Brazilian military engineer

João Carlos de Villagran Cabrita (30 December 1820 – 10 April 1866) was a Brazilian military engineer who was known for his participation and sacrifice in the Battle of Purutué Bank in the Paraguayan War.

==Biography==
He was born on 30 December 1820 in Montevideo, Cisplatina which had been conquered and annexed by the United Kingdom of Portugal, Brazil and the Algarves in 1816. He was recognized as a cadet in 1840, as his father, Major Francisco de Paula Avelar Cabrita, served in the Portuguese Army in Montevideo. Cabrita was promoted to lieutenant in 1842 and served in the 1st Foot Artillery Battalion, and then in Pernambuco, graduating with a bachelor's degree in Mathematics and Physical Sciences in 1847. He participated in the creation of the first engineering unit of the Imperial Brazilian Army, the 1st Engineering Battalion, leaving with the battalion for the Paraguayan War in June 1865. The following year he assumed command of the battalion.

Cabrita was considered a hero in the Itapiru Fortress, where he disembarked at dawn on 10 April 1866, with his battalion of 900 men on an island in front of the enemy, in what was the first battle to take place in Paraguayan territory.

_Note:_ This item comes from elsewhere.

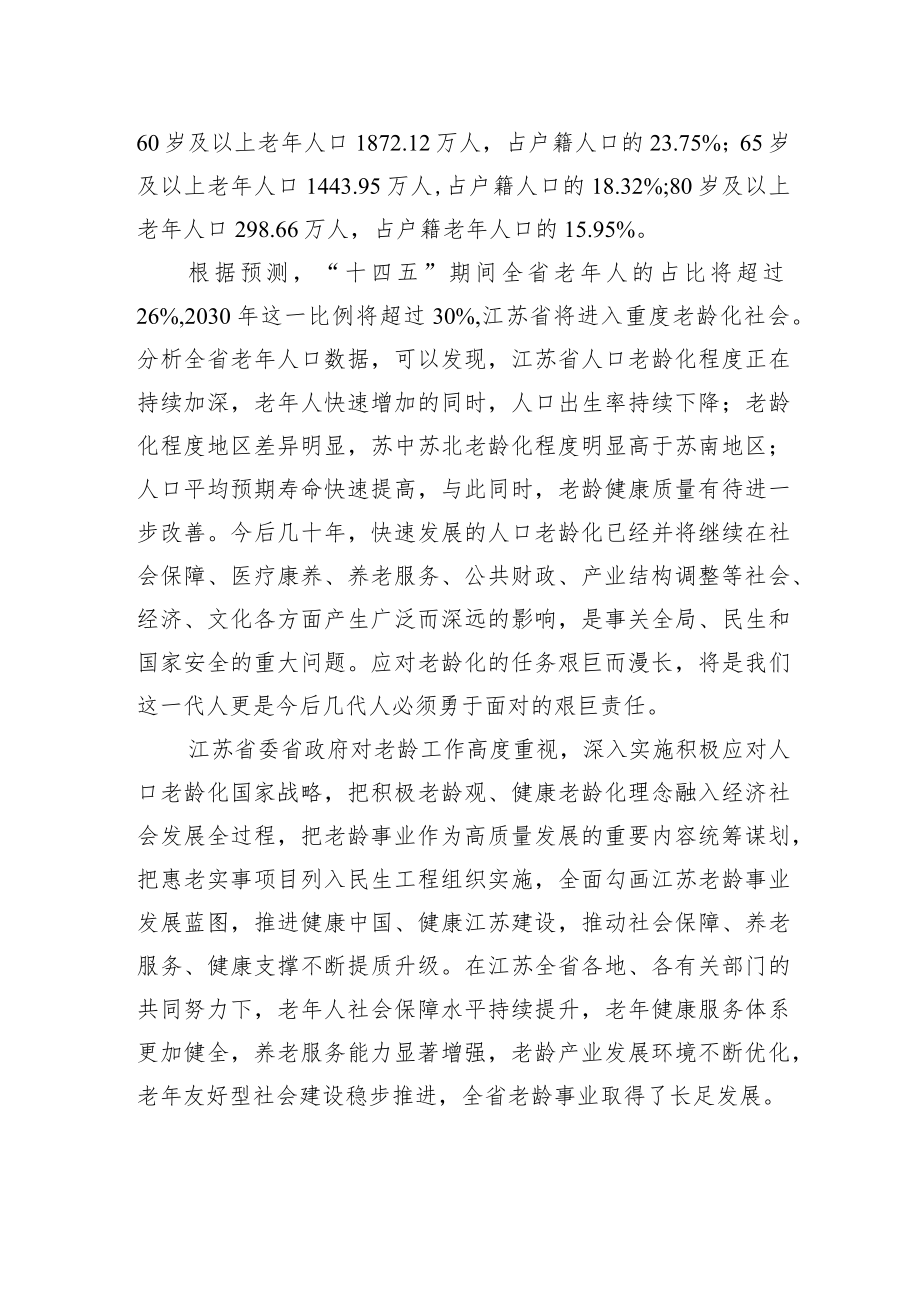 在江苏省第八届研究生老龄论坛暨第六届青年学者老龄论坛上的致辞.docx_第2页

After the fights had been won, while he was writing the report on the Battle of Purutué Bank, aboard a small boat, he was hit, around 2 pm, by an artillery shrapnel that took his life. His name was given to the island (Ilha do Cabrita). It was reported that he was killed by a grenade fired by Artillery Lieutenant José María Bruguez, who had been his best student when he was a military advisor in Paraguay.

The combat engineering battalion, in which he excelled, was named Vilagran Cabrita (1938).

He is the patron of the Brazilian Army's engineering, which celebrates its birthday on April 10.